I’ve said this before, and I’ll say it again: the decision to give an entrepreneur cold hard cash is all about trust. I trust you to take my $1 and make it $5 or $10. One important datapoint in forming my trust thesis as an investor is how organized you and your company are. No matter what your company size, your key documents should be organized and readily available. And you should know what’s in them.

So, if you have not done so already, I recommend picking up a Neat scanner and getting yourself due diligence ready.

Getting Due Diligence Ready

There are two types of due diligence: business and legal.

Investors will perform business diligence before they issue a term sheet. This can take many forms but usually involves lots of reference calls to industry experts, founder references, etc. It also often involves digging deep into your grasp of the opportunity and the depth of your thinking around it.

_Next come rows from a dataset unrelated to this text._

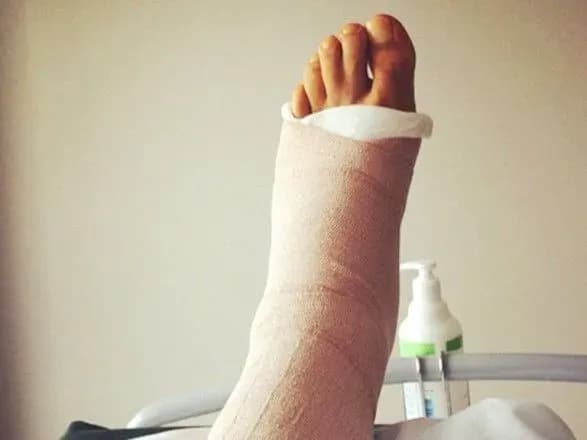 pensionerka-travmuvala-nogi-cherez-nayizd-man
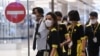 خدمه شرکت هواپیمایی سنگاپوری اسکوت در حال بازگشت از سفر در فرودگاه چانگی 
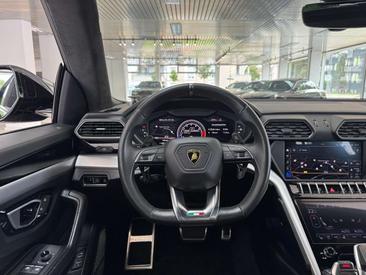 Lamborghini Urus — photo 14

Once investors pull the trigger and make you an offer (which you agree to) then the lawyers kick in. They will deliver a nice thick list of document requests. The faster you deliver them what they need, the faster the deal closes (and the lower the legal costs).

Business Diligence

To get business diligence ready, make sure you have the following before approaching potential investors:

– Standard investor documents: Investor presentation, Executive Summary, financial forecast or pro formas.

– Deep dive documents: Product roadmap, team bios, summary of customer development/ validation work done.

– Padding the file documents: market size calculation, competitive analysis.

Legal Diligence

In this link you will find a list from a leading US venture law firm. It covers a wide range of matters all of which you will need to have organized and ready. The most important ones by far:

Intellectual property and IP assignment: make sure every current and former employee and subcontractor / consultant has signed a document assigning all IP rights to the company. The last thing you want is to become a wild success and then have someone who used to work with your company claim they own part of the technology.

Open source exposure: Everything is built on top of open source technologies today. It is important to keep an ongoing list of open source software used and what license you are using. As investors, we want to avoid GPL exposure forcing us to contribute source code back in a way that compromises the IP value of the company.

Liabilities: This is particularly important for me as a seed investor. Founders can be very creative in bootstrapping their way to a first financing. I want to make sure I have a very clear picture of who is owed what so I know how much cash will actually be available to grow the business.

So use this downtime to get yourself ready and start fundraising hard come September. Times are good now (too good?) so if you’re thinking about fundraising soon, get due dil ready and get funded faster!